ただし、素材や構造、使い方を理解せずに選ぶと、思った効果が得られないことも。
本記事では、初心者にもわかりやすくトレッキングポールの選び方・使い方・おすすめモデルをまとめました。
これから登山を始める方や、購入を検討している方にぴったりの内容です。
はじめに:初心者こそトレッキングポールを使うべき理由
「トレッキングポールは上級者の道具」と思っていませんか?
「体力に自信がない人が使うもの」と思う方もいらっしゃるのではないでしょうか。
実は、登山初心者こそトレッキングポールを使うことで、驚くほど歩きやすくなります。ポールを使うことで地面に接する点が増え、バランスが安定し、つまづきや捻挫などを起こしにくくしてくれます。

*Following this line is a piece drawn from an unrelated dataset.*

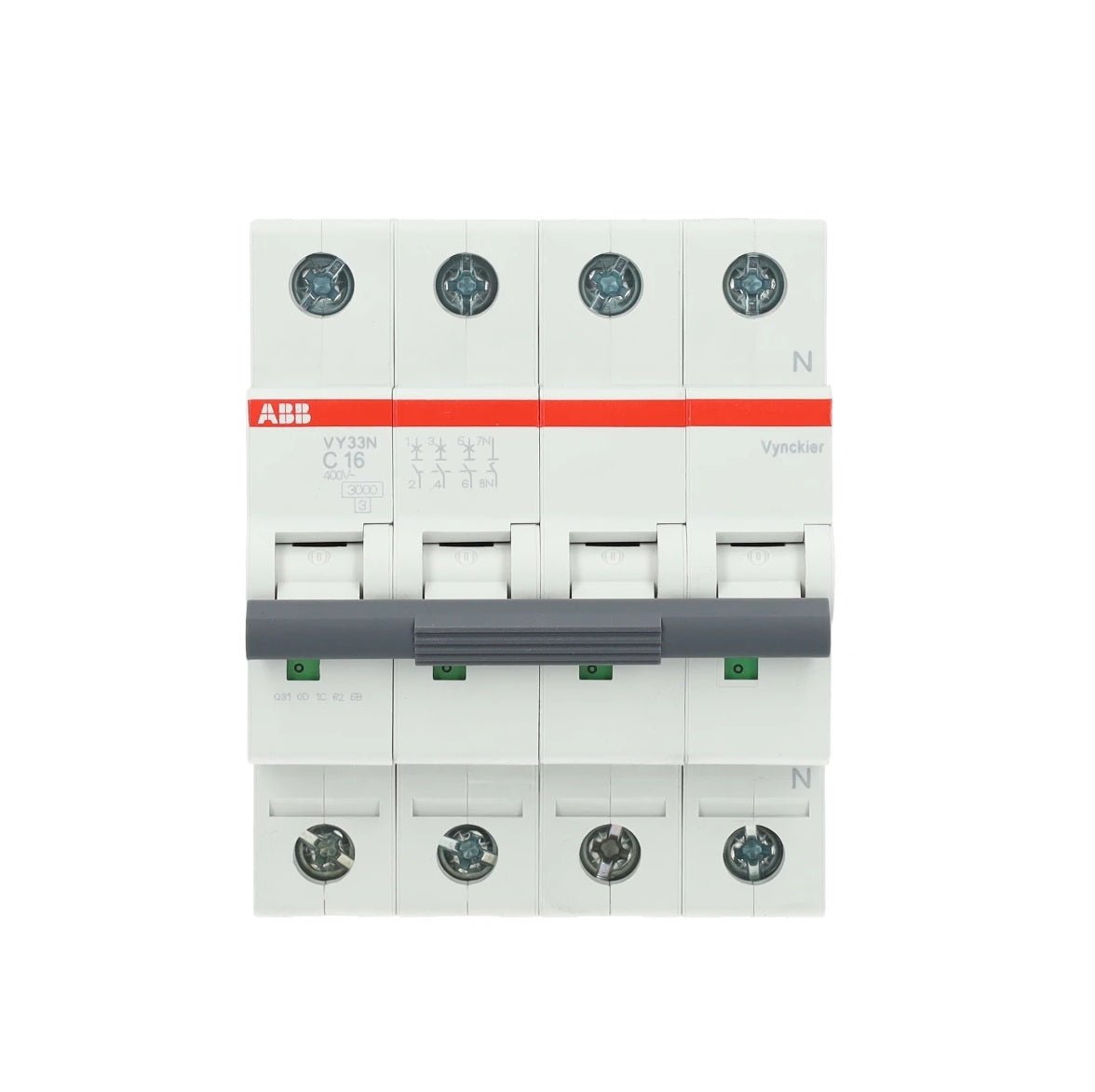 Automaat ABB Vynckier - 3 polig+N - C curve - Ecowatts.be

特に下り坂ではその効果が顕著です。
また、上半身の筋肉を使って体を支えるため、足の疲れを軽減するメリットも。
「鍛えるためにポールは極力使いたくない」という方もいらっしゃいますが、年齢を問わず足や膝も消耗品と捉え、長く登山を楽しみ続けられるように負担を軽減することも大切です。
トレッキングポールの基本構造と種類
トレッキングポールは大きく「グリップ」「シャフト(本体)」「ロック機構」「石突き(先端)」から構成されます。このうち初心者が注目すべきは、「シャフト(本体)」の収納方式と本数の違いです。
収納方式による分類
伸縮式
シャフトをスライドして長さを調整する定番タイプ。耐久性が高く、初めての一本に最適です。
折りたたみ式
軽量でコンパクトに収納できるタイプ。登山や旅行時に携行しやすいのが魅力です。
本数の違い
1本と2本の使い分け
平地のハイキング程度なら1本でもOKですが、山道では2本使用がおすすめ。両手で支えることで安定性が増し、転倒リスクを減らせます。
初心者が失敗しない選び方のポイント
次にチェックするポイントは、「シャフト(本体)」の素材や「グリップ」の形状、「ロック機構」、「長さと重さ」についてです。
素材
アルミ製
アルミ製のトレッキングポールはやや重量があるものの頑丈で価格も手ごろなため、初心者におすすめです。
カーボン製
カーボン素材のトレッキングポールは軽量であることが大きなメリット。ただし横からの強い衝撃に弱い面もあります。
グリップ形状
I字型
I字型タイプは、登山や本格的なトレッキングに最も一般的なポールです。
グリップを縦に握り、手首のストラップを活かして体重を分散させながら歩くことで、上半身も使った効率的な歩行が可能になります。登りでは体を押し上げるサポートに、下りでは膝への衝撃をやわらげる役割を果たします。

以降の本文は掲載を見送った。